Both models also have similar metrics for sensitivity, or true positive rate, which is the metric we would like to optimize for. Therefore, either model is acceptable.
# KNN
Let's build a model that predicts whether a mushroom is poisonous based on the class of the most similar mushrooms (K-nearest neighbor).

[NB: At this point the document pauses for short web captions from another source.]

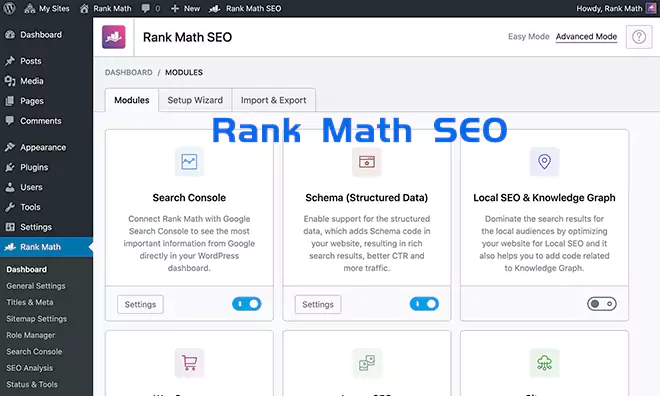 第一个使用 AI 的 WordPress SEO 插件 – Rank Math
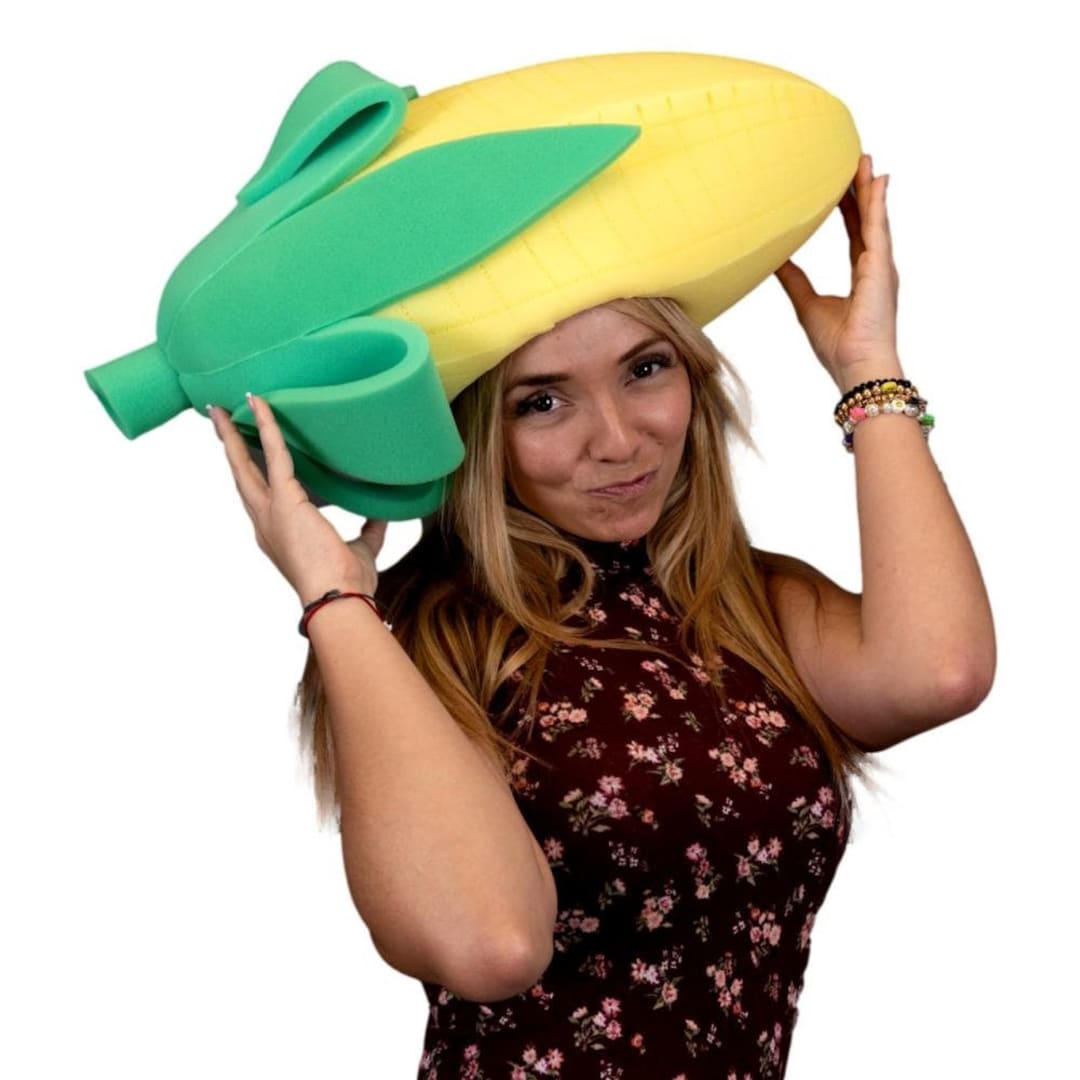 Sombrero de palomitas de maíz Disfraz Cosplay Sombrero Gorra de fiesta  Tocado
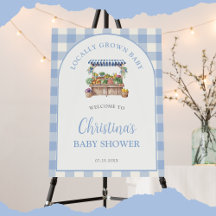 Lokale Groene Jongen Baby Shower Welkomstbord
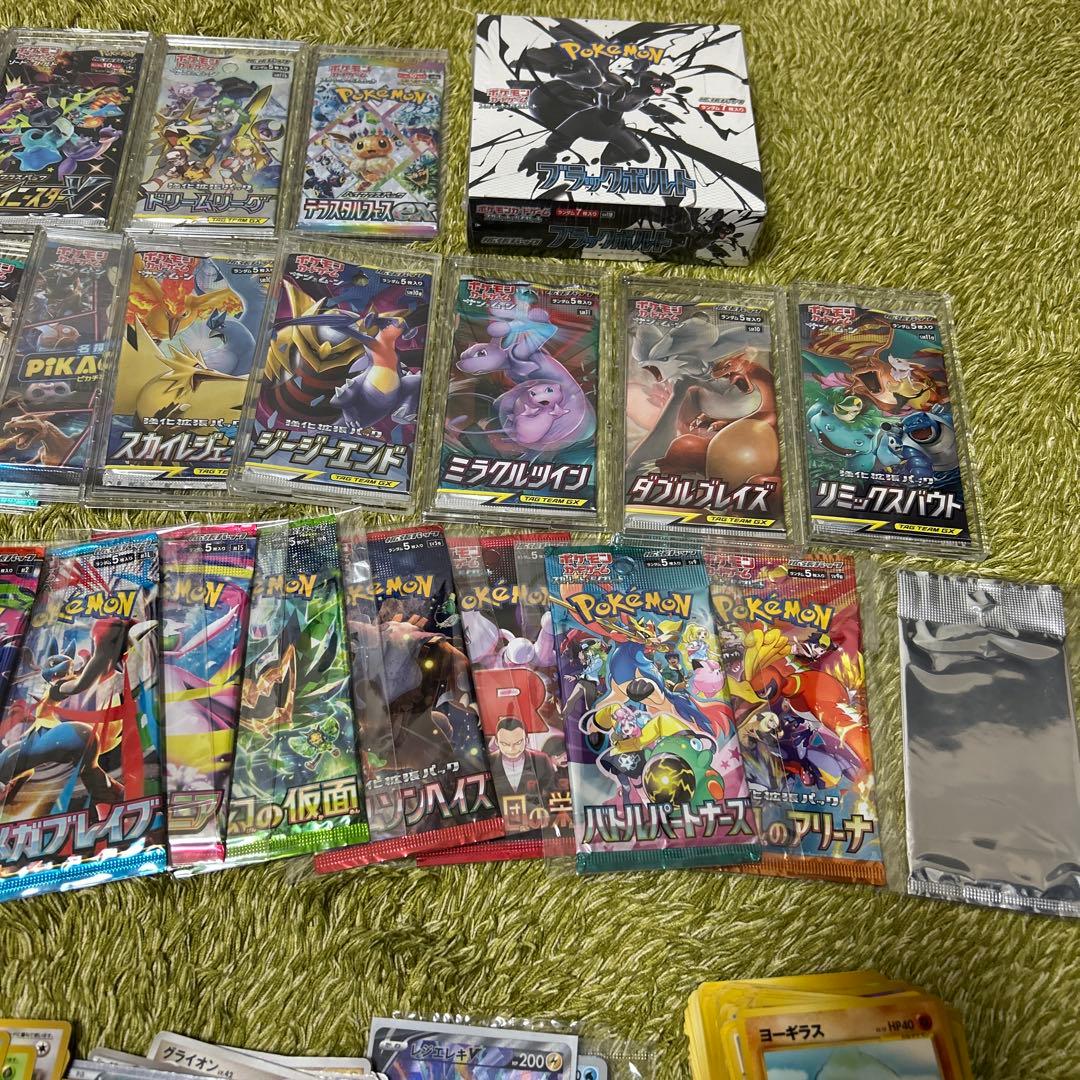 ポケモンカード　引退品　絶版パック、カード、BOX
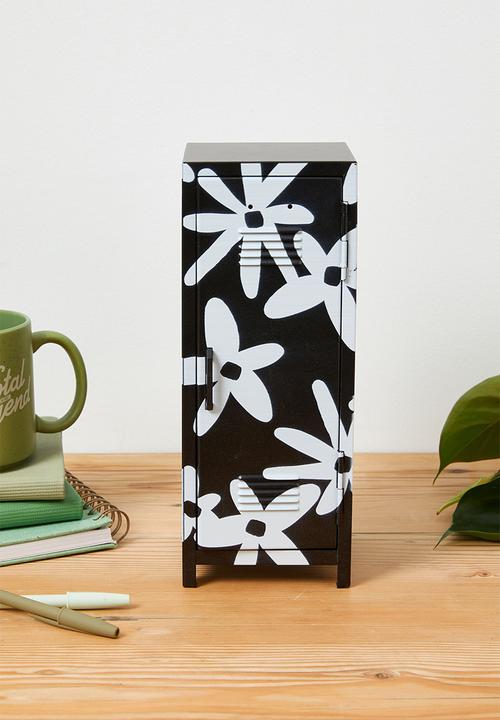 Typo - Varsity desktop locker- paper daisy black & ecru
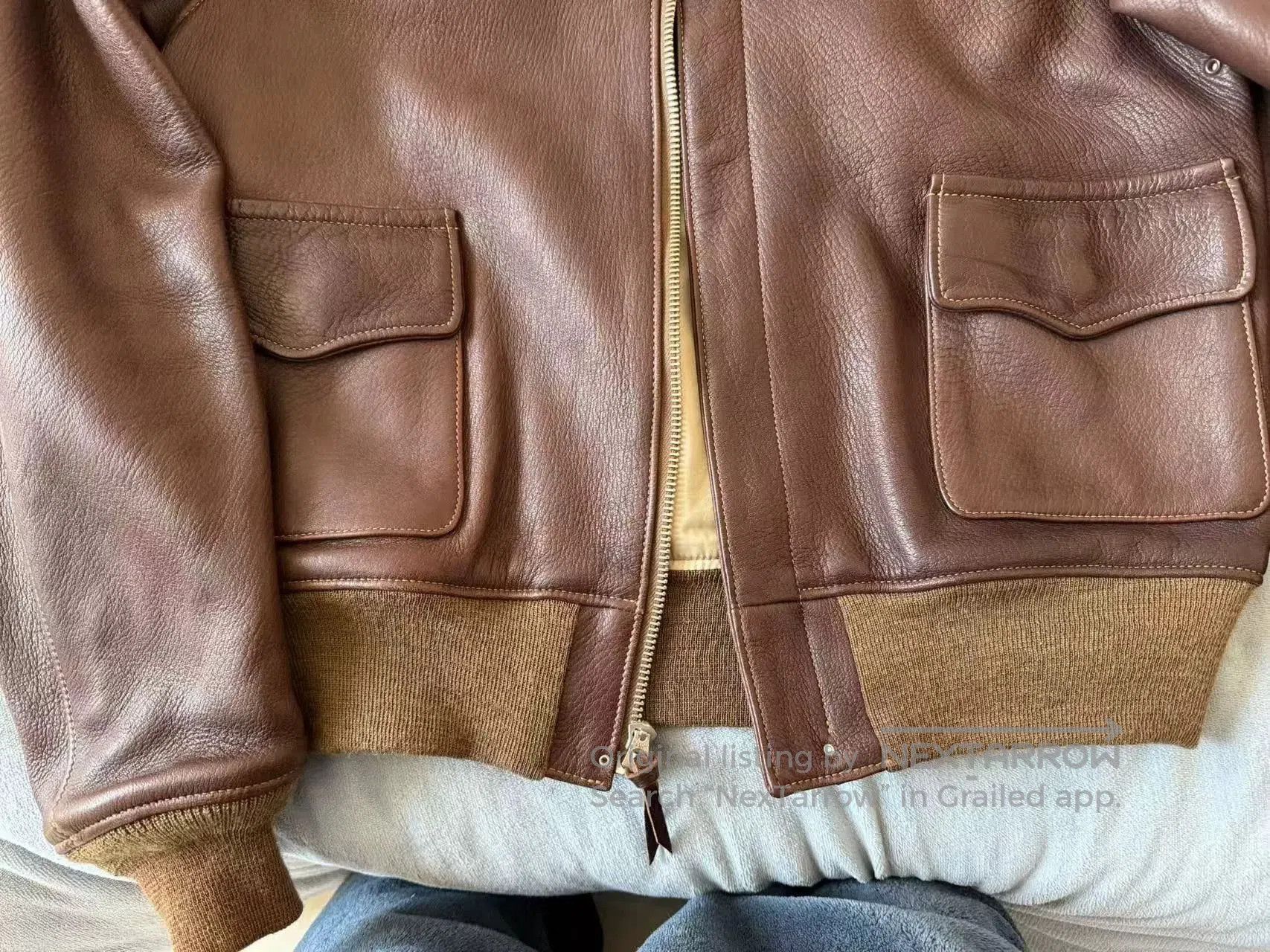 The Real McCoy's Real McCoy A2 Leather Jacket. Size US M / EU 48-50 / 2 - 3 Thumbnail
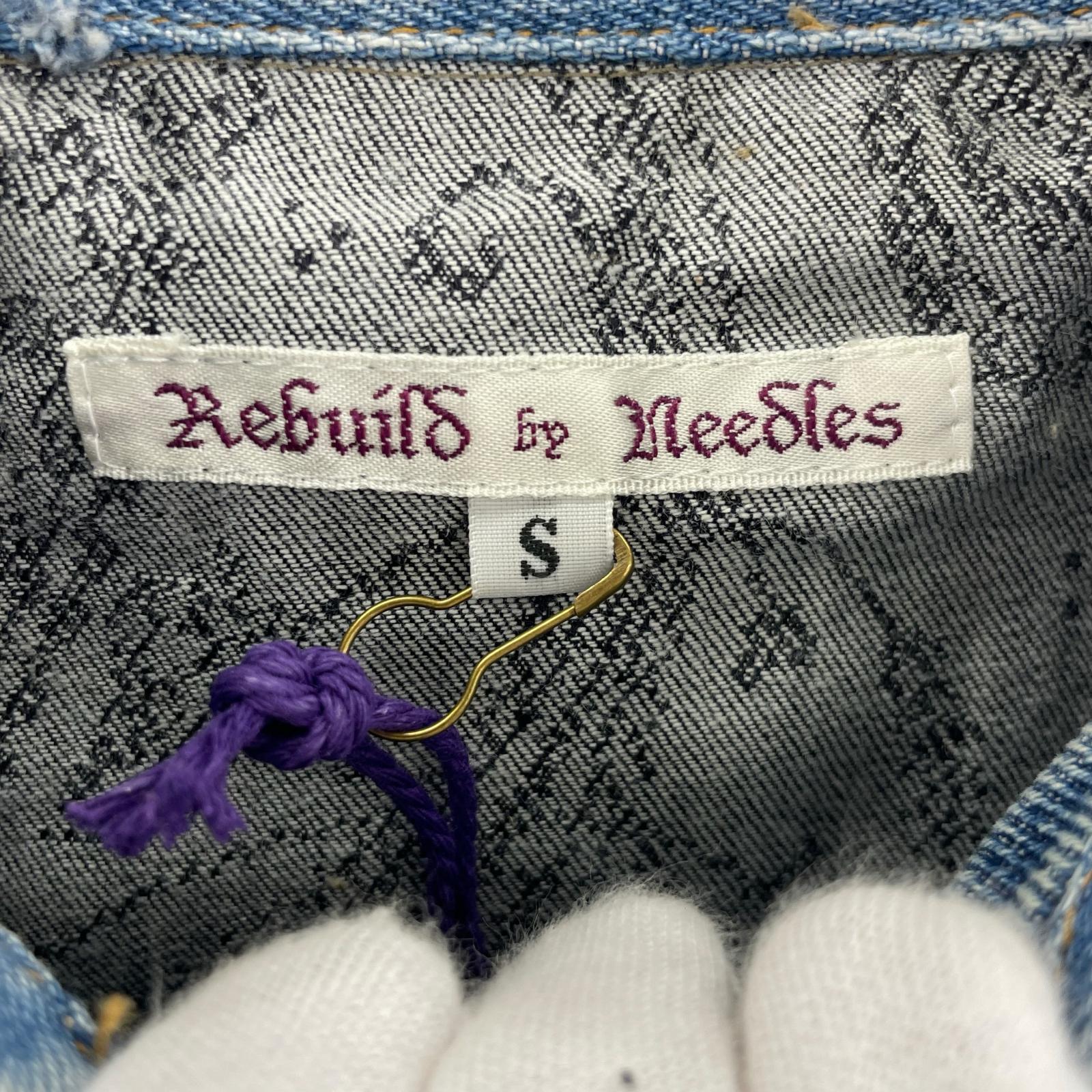 その他アウター Rebuild By Needles Covered Jacket S NS297 S ブルー
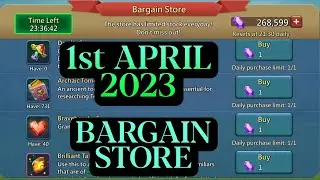 Lords Mobile 1st April 2023 Bargain Store | Lords Mobile 1 Gem Bargain Store Event | Lords Mobile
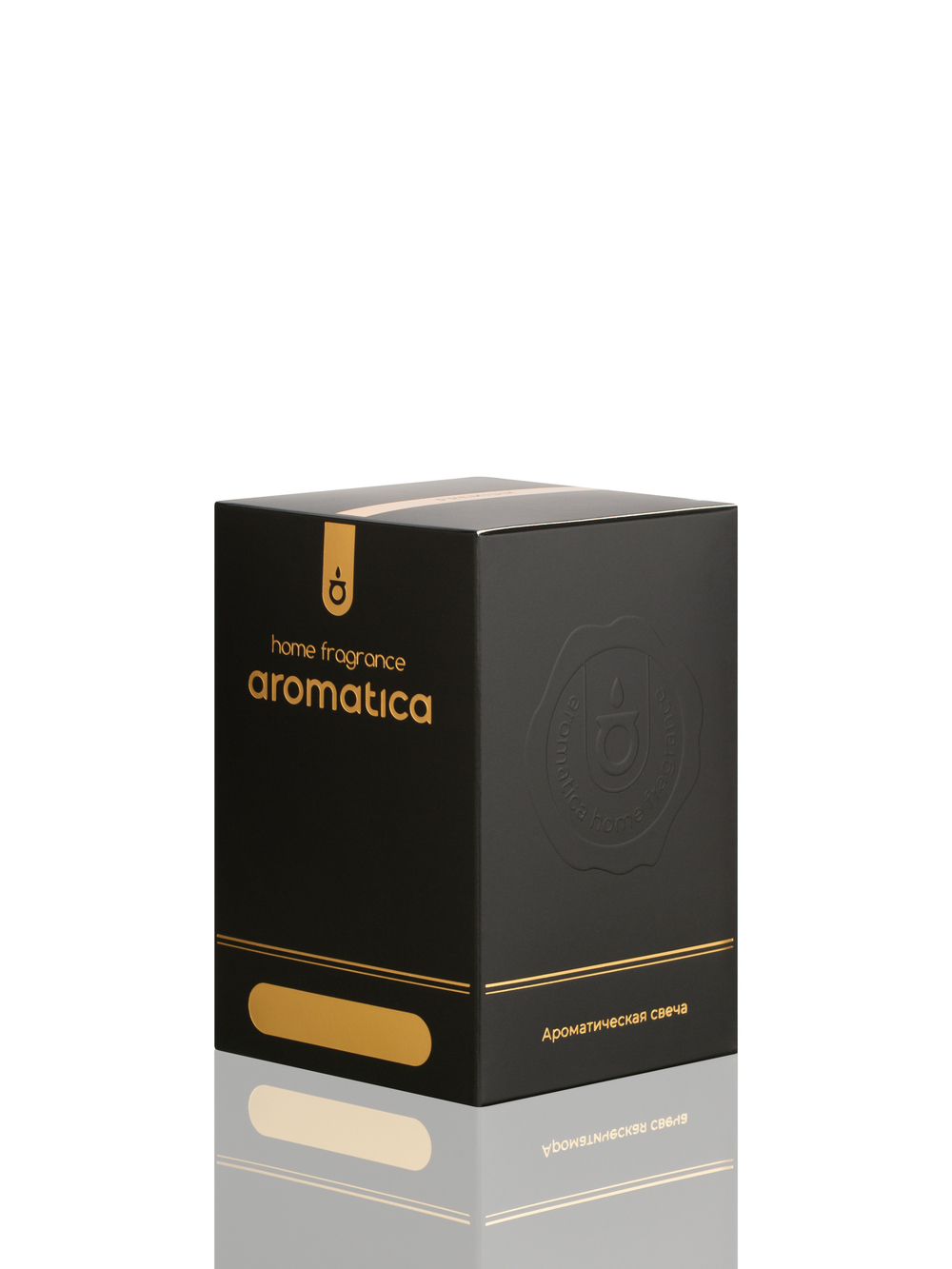 Аромасвеча AROMATICA Шум моря, в подарочной коробке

First, let's build the tuning procedure for the k nearest neighbor model.
```{r}
library(kknn)
#Specify the sampling procedure
k_fold<-vfold_cv(mushrooms_train, v=20, repeats =1)
#Create recipe
model_rec<-recipe(class~., mushrooms_train) %>%
step_dummy(all_nominal(),-all_outcomes())
#Specify model
model_spec<-nearest_neighbor(neighbors = tune("K")) %>%
set_mode("classification") %>%
set_engine("kknn")
#Specify control grid
model_control<-control_grid(save_pred = TRUE)
#Set metrics
model_metrics<-metric_set(roc_auc,accuracy,sens,spec)
```
Next, tune K in KNN model.
```{r}
set.seed(123)
#tune the model
knn_tune<-tune_grid(model_spec,
model_rec,
resamples = k_fold,
control=model_control,
grid=10,
metrics = model_metrics)
#collect metrics
knn_tune %>%
collect_metrics()
#show viz
knn_tune %>%
select(id, .metrics) %>%
unnest(.metrics) %>%
ggplot(aes(x=K, y=.estimate, color=id))+
geom_point()+
geom_line()+
facet_wrap(~.metric, scales = "free_y")
```
Collect metrics.
```{r}
knn_pred<-knn_tune %>% collect_predictions()
knn_tune %>% collect_metrics()
confusionMatrix(knn_pred$class, knn_pred$.pred_class, positive="poisonous")
```
Next, we find the best k for our metric. I would like to optimize for sensitivity, or true positive rate, since that will help us know when a mushroom is poisonous so we can avoid it.
```{r}
best_sens <- knn_tune %>% select_best(metric="sens")
best_sens
```
k=4 is the best number when optimizing for specificity, so let's run the model with that.
```{r}
model_final<-nearest_neighbor(neighbors = 4) %>%
set_mode("classification") %>%
set_engine("kknn")
best_model<-workflow() %>%
add_model(model_final) %>%
add_recipe(model_rec)
best_train<-fit(best_model, mushrooms_train) #Fitting the model
predict_train<-predict(best_train, mushrooms_train)
predict_test<-predict(best_train, mushrooms_test)
confusionMatrix(mushrooms_train$class, predict_train$.pred_class, positive="poisonous")
confusionMatrix(mushrooms_test$class, predict_test$.pred_class, positive="poisonous")
```
This model shows slight overfitting. The sensitivity (TPR) is also very high. The problem with this model is that it is overly sensitive, so it predicts mushrooms that are not poisonous as poisonous. "Better safe than sorry", though.
# Conclusion
It seems possible to predict if a mushroom is poisonous based on its coloring with good accuracy. Some factors to look at would be gill color or stalk color above or below ring. However, this model would not be very valuable to people who are colorblind.